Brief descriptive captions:
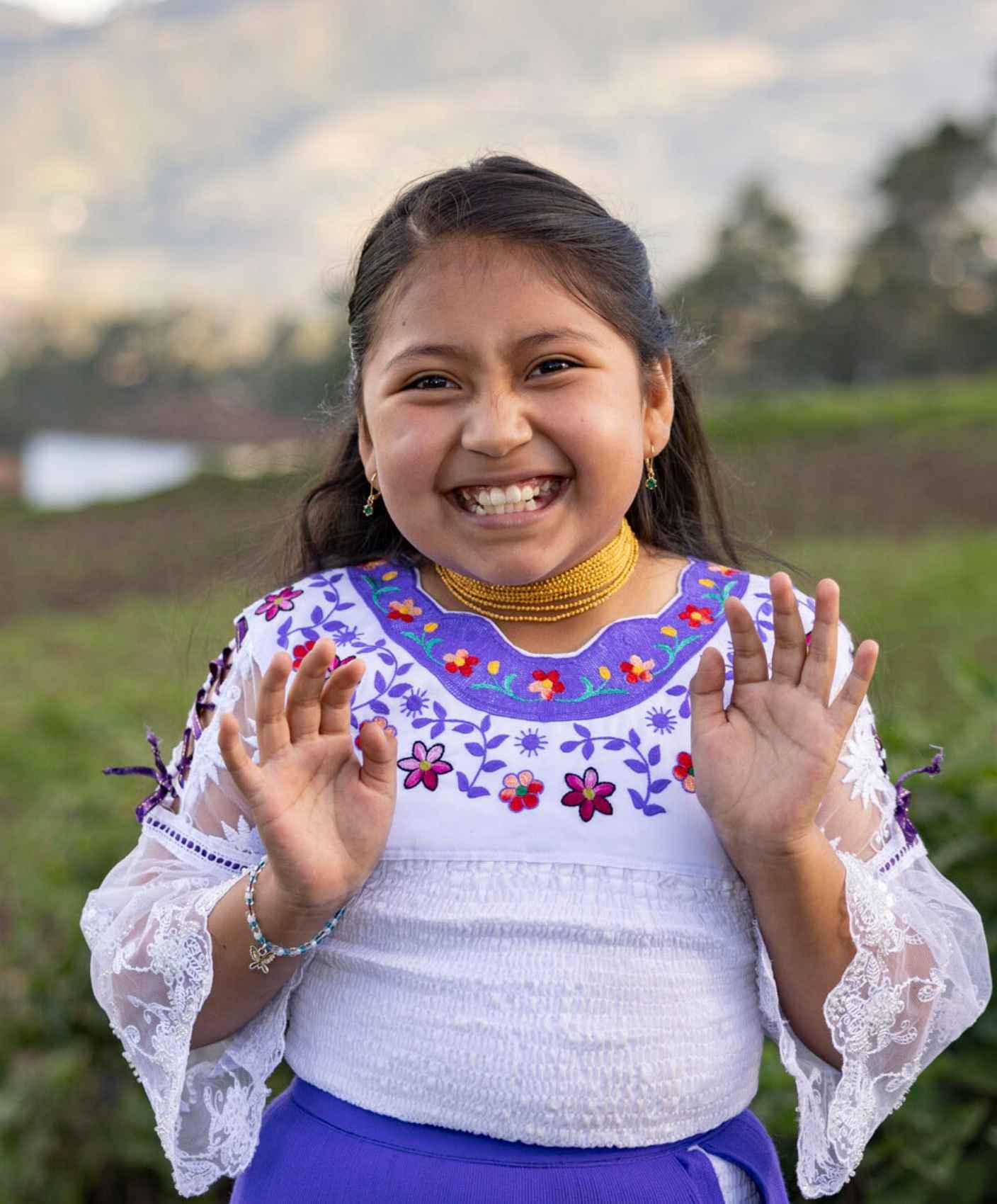 A girl in Ecuador smiles against a lush green backdrop.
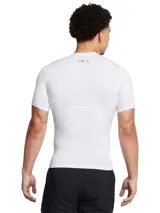 Remera de compresión Under Armour HeatGear de manga corta, diseñada para entrenamiento de alto rendimiento. Presenta un ajuste ceñido al cuerpo, paneles de malla estratégicos para ventilación en axilas y espalda, y mangas raglán híbridas para mayor libertad de movimiento.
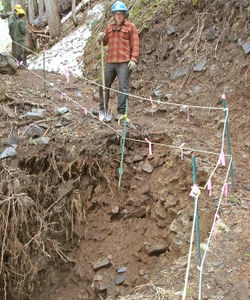 WTA crew leader John Longsworth surveys the wash-out on the Comet Falls trail. 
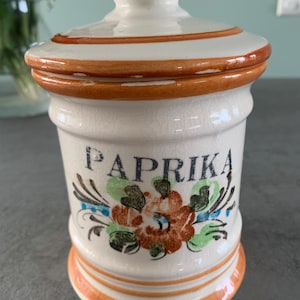 Op de afbeelding: Witte keramische paprikakruidenpot met deksel. De pot heeft bruine accenten en een bloemenontwerp met het woord "PAPRIKA" in zwarte letters. De pot is cilindrisch met een licht uitlopende basis.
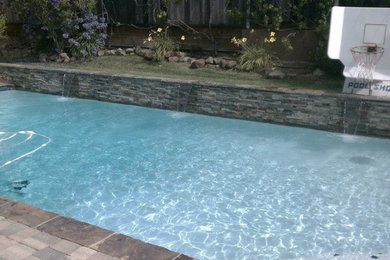 Example of a mid-sized backyard concrete paver and rectangular pool design in San Francisco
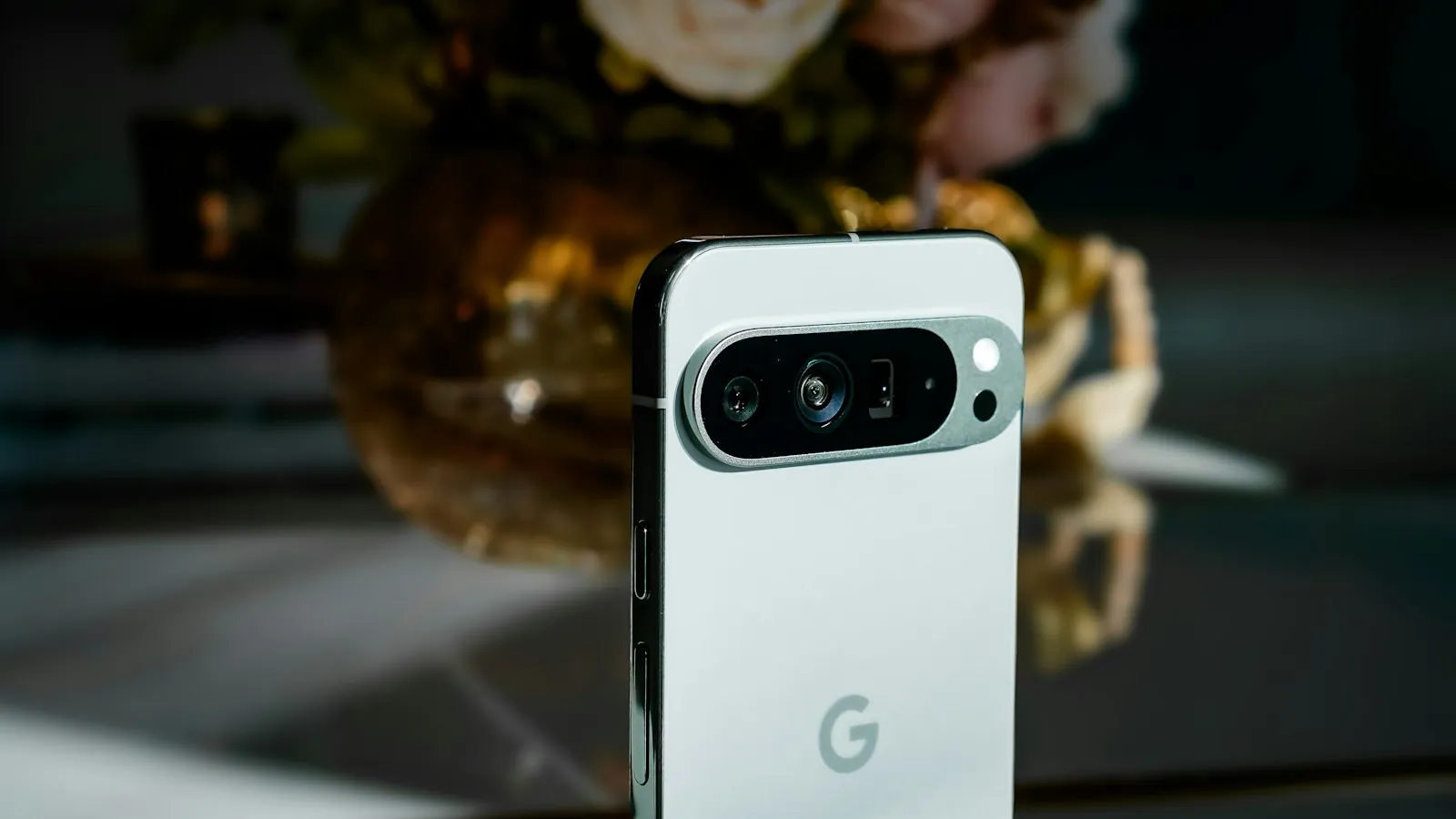 The back of a white Google Pixel phone with its camera lenses in a row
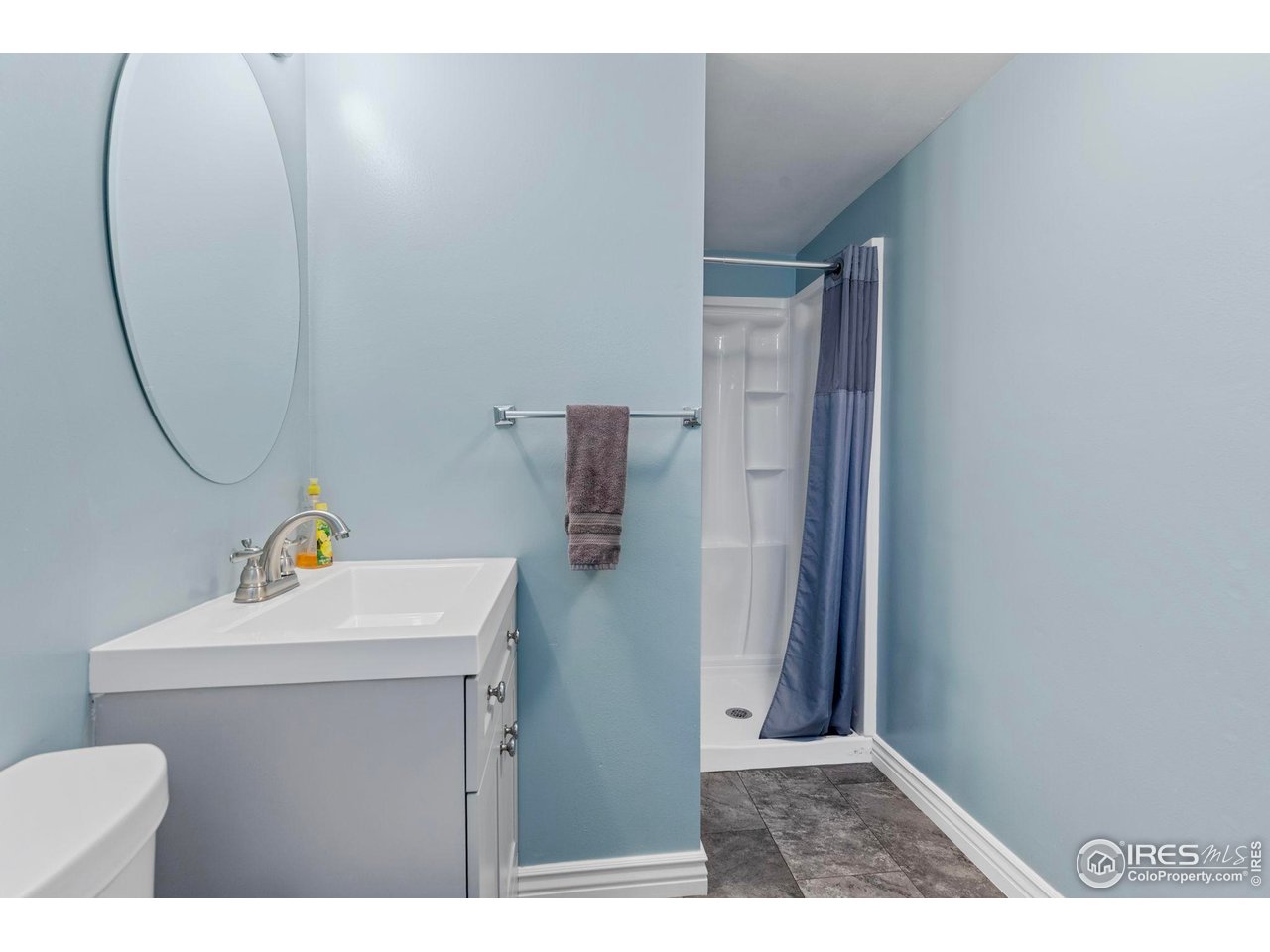 17217 County Road 86 Pierce, CO 80650 - Photo 22 of 49 a bathroom with a sink toilet and mirror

» **PROBLEM STATEMENT**: Would you give the records again exactly, dropping the pictures?

» **ANSWER SPACE**:
 A girl in Ecuador smiles against a lush green backdrop.
 Remera de compresión Under Armour HeatGear de manga corta, diseñada para entrenamiento de alto rendimiento. Presenta un ajuste ceñido al cuerpo, paneles de malla estratégicos para ventilación en axilas y espalda, y mangas raglán híbridas para mayor libertad de movimiento.
 WTA crew leader John Longsworth surveys the wash-out on the Comet Falls trail. 
 Op de afbeelding: Witte keramische paprikakruidenpot met deksel. De pot heeft bruine accenten en een bloemenontwerp met het woord "PAPRIKA" in zwarte letters. De pot is cilindrisch met een licht uitlopende basis.
 Example of a mid-sized backyard concrete paver and rectangular pool design in San Francisco
 The back of a white Google Pixel phone with its camera lenses in a row
 17217 County Road 86 Pierce, CO 80650 - Photo 22 of 49 a bathroom with a sink toilet and mirror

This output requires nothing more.